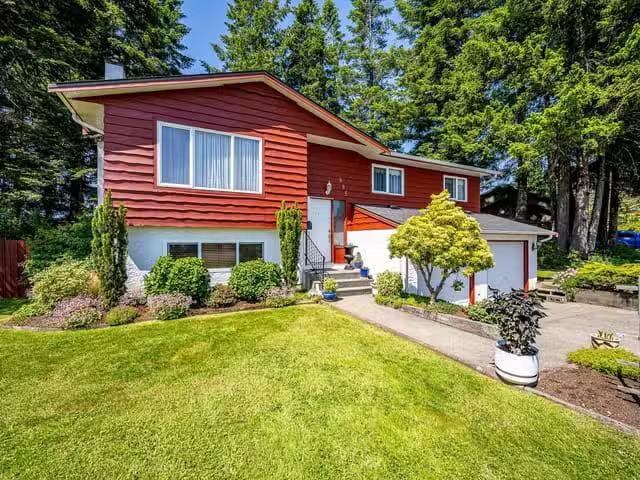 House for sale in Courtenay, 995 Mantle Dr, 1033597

* * *

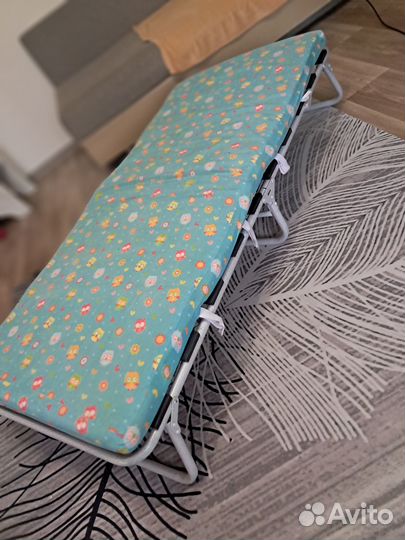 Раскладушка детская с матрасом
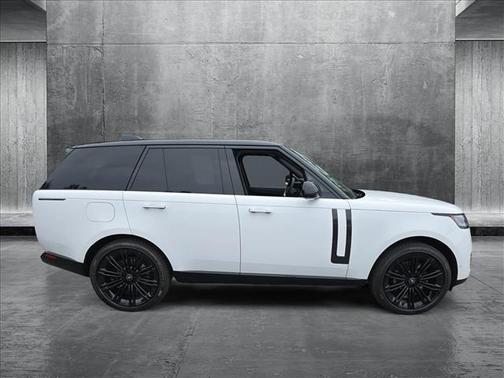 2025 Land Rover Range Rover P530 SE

→ About this task
With the pictures omitted, print the lines above exactly, beginning at the line with "Раскладушка детская с матрасом" and going on through the line with "2025 Land Rover Range Rover P530 SE".

→ Reply to the exercise
 Раскладушка детская с матрасом
 2025 Land Rover Range Rover P530 SE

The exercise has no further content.